Causal Walk: Debiasing Multi-Hop Fact Verification with Front-Door Adjustment

Authors: Congzhi Zhang, Linhai Zhang, Deyu Zhou

AAAI 2024 | Conference PDF | Archive PDF | Plain Text | LLM Run Details

Reproducibility Variable Result LLM Response
Research Type Experimental Experimental results show that Causal Walk outperforms some previous debiasing methods on both existing datasets and the newly constructed datasets.
Researcher Affiliation Academia Congzhi Zhang*, Linhai Zhang*, Deyu Zhou School of Computer Science and Engineering, Key Laboratory of Computer Network and Information Integration, Ministry of Education, Southeast University, China {zhangcongzhi, lzhang472, d.zhou}@seu.edu.cn
Pseudocode No The paper does not contain any clearly labeled pseudocode or algorithm blocks.
Open Source Code Yes Code and data will be released at https://github.com/zcccccz/Causal Walk.
Open Datasets Yes We evaluate the model performance on the FEVER dataset and Politi Hop dataset and their variants.
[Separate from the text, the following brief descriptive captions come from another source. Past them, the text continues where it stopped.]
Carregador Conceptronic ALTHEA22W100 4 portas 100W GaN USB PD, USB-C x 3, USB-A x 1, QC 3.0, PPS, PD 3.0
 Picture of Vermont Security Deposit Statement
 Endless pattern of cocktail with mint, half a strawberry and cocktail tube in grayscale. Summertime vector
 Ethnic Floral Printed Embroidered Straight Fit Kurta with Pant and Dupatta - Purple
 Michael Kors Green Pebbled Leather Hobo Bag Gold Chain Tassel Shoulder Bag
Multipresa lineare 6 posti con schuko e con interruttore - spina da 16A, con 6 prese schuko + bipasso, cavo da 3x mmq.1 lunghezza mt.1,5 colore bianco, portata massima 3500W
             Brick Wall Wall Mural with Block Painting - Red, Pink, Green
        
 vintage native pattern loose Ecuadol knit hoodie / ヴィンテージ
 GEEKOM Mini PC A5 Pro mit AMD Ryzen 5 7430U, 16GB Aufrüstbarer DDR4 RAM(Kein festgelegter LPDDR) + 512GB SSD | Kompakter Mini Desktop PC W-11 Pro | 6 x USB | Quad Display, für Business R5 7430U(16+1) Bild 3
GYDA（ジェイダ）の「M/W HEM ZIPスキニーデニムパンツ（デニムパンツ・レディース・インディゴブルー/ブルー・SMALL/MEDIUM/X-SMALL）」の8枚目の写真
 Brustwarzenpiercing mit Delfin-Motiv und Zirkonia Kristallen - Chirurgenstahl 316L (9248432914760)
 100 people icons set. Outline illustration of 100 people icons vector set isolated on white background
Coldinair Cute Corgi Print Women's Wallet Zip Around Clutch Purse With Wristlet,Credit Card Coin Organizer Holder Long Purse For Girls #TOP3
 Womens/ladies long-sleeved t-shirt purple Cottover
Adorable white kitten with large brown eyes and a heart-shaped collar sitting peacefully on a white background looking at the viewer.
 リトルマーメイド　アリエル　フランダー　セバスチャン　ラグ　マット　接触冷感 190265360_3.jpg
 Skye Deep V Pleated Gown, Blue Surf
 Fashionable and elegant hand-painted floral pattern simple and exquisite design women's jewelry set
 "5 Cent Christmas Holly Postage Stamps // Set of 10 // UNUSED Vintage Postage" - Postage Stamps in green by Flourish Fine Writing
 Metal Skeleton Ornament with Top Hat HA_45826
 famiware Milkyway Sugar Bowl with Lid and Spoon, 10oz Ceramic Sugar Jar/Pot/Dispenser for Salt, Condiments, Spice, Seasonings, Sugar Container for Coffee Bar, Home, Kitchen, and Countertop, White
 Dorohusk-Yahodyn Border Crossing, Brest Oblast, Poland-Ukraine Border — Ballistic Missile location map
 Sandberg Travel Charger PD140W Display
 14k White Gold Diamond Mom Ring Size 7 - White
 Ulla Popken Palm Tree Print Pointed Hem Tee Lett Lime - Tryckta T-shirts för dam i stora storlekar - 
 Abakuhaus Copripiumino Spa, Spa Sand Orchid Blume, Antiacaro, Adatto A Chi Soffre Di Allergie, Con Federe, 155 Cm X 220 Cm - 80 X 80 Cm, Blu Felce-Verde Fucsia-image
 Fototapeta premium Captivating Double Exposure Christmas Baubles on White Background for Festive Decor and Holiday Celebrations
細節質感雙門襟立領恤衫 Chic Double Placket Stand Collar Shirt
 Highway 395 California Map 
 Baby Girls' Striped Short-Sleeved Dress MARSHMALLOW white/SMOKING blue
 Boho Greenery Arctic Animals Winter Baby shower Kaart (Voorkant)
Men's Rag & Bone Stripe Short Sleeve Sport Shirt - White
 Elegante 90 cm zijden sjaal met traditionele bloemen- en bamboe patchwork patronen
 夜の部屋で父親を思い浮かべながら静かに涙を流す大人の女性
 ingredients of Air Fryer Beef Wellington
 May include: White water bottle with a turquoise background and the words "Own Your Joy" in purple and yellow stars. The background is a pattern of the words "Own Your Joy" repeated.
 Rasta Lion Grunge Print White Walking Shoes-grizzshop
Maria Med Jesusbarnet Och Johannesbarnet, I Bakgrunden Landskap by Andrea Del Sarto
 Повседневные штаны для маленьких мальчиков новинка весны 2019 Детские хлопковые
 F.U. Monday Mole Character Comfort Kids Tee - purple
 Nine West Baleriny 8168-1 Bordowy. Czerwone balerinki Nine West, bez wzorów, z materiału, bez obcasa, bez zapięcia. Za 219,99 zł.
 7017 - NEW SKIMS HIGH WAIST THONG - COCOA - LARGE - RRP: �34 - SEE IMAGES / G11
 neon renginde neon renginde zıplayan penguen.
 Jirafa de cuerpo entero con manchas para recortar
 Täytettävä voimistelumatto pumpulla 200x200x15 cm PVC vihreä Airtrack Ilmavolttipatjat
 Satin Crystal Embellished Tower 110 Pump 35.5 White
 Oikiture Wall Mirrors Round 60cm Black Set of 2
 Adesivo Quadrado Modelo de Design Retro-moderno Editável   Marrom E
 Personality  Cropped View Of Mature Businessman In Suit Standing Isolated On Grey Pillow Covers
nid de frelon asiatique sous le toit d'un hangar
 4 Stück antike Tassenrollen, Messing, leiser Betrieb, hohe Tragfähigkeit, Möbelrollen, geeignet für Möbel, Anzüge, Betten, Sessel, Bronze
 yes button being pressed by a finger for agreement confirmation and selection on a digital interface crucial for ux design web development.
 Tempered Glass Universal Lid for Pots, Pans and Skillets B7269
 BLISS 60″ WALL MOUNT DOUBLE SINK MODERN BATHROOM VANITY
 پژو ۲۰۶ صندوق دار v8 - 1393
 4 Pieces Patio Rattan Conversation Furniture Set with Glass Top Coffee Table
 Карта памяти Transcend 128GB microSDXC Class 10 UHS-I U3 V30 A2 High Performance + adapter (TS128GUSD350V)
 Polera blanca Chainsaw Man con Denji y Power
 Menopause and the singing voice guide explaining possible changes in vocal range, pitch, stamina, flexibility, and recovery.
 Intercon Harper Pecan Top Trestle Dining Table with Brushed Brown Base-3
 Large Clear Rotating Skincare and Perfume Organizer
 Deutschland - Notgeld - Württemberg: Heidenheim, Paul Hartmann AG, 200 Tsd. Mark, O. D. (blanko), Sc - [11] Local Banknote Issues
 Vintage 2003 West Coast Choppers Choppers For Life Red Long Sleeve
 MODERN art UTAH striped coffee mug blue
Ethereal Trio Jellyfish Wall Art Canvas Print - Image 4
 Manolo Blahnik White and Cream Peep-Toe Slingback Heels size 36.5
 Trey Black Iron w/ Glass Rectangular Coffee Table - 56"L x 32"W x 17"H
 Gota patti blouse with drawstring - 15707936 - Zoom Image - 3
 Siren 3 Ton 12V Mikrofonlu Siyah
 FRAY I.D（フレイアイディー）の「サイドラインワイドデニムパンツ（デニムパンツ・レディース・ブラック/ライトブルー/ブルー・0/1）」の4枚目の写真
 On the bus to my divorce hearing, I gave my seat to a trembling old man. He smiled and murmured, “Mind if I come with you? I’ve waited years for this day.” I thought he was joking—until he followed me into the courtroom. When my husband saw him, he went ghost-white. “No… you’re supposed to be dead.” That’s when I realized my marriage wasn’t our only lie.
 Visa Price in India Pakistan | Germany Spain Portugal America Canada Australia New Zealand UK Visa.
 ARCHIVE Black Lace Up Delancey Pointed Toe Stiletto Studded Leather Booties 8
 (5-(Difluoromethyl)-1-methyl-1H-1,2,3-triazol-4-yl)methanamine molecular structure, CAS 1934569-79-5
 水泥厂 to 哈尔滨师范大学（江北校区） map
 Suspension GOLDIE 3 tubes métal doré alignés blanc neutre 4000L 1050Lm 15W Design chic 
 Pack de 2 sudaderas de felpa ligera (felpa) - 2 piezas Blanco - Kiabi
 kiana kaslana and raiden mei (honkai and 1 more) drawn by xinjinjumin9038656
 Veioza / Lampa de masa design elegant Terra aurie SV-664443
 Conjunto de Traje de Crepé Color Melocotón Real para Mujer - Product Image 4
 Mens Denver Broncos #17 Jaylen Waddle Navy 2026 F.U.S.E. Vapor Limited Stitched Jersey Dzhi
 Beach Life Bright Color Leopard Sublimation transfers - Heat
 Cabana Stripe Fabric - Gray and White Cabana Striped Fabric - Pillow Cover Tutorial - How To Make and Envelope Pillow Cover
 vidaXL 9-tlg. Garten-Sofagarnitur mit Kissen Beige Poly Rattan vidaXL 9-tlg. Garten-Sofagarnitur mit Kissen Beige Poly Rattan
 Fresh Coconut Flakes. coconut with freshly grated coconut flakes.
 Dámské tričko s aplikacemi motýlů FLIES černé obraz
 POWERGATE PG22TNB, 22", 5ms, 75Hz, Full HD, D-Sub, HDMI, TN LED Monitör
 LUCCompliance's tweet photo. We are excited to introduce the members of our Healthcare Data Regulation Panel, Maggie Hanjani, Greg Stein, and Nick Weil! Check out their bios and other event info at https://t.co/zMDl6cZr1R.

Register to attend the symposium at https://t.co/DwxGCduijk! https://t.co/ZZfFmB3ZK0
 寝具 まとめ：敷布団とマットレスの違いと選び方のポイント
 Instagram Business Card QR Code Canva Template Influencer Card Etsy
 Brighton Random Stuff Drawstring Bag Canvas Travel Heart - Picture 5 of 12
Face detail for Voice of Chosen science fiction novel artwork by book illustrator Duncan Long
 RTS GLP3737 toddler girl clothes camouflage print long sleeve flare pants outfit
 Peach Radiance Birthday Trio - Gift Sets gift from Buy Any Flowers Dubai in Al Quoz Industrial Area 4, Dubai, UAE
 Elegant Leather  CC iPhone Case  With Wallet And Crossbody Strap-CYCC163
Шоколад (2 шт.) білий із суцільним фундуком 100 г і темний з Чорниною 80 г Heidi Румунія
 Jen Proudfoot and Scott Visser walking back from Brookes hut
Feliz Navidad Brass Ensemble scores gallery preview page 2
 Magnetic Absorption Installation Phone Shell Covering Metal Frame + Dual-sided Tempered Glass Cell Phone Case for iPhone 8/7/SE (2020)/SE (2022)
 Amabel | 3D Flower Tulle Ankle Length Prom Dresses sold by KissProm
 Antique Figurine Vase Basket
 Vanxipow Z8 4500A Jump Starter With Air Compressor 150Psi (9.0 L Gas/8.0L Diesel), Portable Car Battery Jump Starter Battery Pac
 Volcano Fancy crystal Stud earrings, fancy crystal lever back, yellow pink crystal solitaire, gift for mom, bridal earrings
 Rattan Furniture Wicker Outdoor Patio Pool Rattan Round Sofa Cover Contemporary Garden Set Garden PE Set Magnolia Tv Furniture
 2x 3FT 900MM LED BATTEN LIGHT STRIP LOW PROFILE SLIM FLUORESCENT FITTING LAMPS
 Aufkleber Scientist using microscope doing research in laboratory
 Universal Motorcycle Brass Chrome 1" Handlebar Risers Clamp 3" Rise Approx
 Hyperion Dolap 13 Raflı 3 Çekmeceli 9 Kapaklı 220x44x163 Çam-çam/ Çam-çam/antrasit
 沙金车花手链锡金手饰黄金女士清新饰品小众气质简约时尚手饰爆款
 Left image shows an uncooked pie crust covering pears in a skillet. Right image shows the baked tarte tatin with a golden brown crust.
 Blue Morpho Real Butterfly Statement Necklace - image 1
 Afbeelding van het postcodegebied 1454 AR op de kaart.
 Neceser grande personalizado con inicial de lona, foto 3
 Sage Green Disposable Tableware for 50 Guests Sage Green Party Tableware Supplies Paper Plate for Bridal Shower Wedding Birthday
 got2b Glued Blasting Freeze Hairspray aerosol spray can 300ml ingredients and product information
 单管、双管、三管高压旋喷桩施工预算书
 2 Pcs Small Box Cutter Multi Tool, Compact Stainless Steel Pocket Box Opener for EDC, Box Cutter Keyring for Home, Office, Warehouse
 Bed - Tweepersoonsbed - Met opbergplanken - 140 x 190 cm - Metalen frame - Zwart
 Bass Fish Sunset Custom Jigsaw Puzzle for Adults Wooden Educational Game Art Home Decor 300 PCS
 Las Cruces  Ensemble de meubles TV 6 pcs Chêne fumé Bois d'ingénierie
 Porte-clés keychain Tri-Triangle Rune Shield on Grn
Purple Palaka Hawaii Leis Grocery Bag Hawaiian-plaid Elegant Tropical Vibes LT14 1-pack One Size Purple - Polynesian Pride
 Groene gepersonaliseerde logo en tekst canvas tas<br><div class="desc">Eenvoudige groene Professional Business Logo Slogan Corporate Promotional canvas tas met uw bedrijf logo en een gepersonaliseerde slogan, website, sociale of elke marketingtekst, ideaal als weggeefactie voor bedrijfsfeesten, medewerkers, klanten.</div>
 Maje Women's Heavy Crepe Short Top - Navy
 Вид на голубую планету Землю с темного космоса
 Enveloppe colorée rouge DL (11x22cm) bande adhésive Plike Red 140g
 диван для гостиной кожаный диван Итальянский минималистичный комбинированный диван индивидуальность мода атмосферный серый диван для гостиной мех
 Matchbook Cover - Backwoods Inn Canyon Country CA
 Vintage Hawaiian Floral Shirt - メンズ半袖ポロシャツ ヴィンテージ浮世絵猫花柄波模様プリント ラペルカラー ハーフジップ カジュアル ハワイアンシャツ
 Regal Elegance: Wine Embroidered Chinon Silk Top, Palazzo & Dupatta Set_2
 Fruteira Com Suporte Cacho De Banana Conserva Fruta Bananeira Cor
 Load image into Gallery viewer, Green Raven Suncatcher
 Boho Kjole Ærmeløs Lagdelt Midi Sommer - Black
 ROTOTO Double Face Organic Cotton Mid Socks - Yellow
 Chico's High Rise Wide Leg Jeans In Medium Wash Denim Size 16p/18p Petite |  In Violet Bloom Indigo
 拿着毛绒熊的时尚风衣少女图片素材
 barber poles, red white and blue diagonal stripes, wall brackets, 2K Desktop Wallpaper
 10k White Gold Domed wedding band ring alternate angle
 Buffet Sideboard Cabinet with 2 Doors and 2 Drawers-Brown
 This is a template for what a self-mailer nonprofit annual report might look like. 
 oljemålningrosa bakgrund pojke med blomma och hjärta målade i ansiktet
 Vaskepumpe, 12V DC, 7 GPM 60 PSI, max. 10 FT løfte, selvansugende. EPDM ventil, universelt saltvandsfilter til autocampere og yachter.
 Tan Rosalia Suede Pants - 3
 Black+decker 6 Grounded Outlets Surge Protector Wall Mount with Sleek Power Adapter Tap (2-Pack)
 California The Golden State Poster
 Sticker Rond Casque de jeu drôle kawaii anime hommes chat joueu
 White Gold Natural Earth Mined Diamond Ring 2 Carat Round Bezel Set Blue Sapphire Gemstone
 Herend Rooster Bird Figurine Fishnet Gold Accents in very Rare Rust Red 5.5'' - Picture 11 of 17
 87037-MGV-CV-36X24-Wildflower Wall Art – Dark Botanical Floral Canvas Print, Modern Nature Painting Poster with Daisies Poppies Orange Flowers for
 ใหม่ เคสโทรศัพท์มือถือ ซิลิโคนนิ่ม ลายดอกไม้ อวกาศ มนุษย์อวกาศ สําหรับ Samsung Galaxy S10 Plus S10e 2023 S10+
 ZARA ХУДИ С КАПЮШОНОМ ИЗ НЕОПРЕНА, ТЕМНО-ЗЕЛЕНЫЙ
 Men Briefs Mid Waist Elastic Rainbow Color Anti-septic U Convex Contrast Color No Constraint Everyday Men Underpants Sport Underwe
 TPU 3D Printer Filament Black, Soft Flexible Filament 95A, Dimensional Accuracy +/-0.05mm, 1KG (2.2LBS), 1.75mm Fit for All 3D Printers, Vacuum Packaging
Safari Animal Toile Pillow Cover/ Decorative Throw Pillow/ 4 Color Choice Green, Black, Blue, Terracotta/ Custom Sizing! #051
For training, all models are trained on the original training set of FEVER and Politi Hop... FEVER (Thorne et al. 2018) and Politi Hop (Ostrowski et al. 2021) respectively. Code and data will be released at https://github.com/zcccccz/Causal Walk.
Dataset Splits Yes For training, all models are trained on the original training set of FEVER and Politi Hop. For testing, the developed set of FEVER and the test set of Politi Hop are adopted, denoted as FEVER (Thorne et al. 2018) and Politi Hop (Ostrowski et al. 2021) respectively.
Hardware Specification No The paper mentions support from 'Big Data Computing Center of Southeast University' but does not specify any particular hardware components like CPU/GPU models, memory, or specific machine configurations used for experiments.
Software Dependencies No The paper mentions using 'BERTbase' and 'Adam optimizer' but does not provide specific version numbers for any software libraries, frameworks (e.g., PyTorch, TensorFlow), or programming languages.
Experiment Setup Yes The learning rate is 1e-5. All models are trained for 10 epochs with a batch size of 4. We update the parameters using Adam optimizer. BERT-Concat, CICR, and CLEVER have a maximum input length of 512, and the other models have a maximum input length of 128. The maximum number n of evidence per sample is 20. The beam width w is 3 and the path sampling length m is 5. The number of samples k for each category in the confounder dictionary is 5. The intervention weight parameter α is 0.1.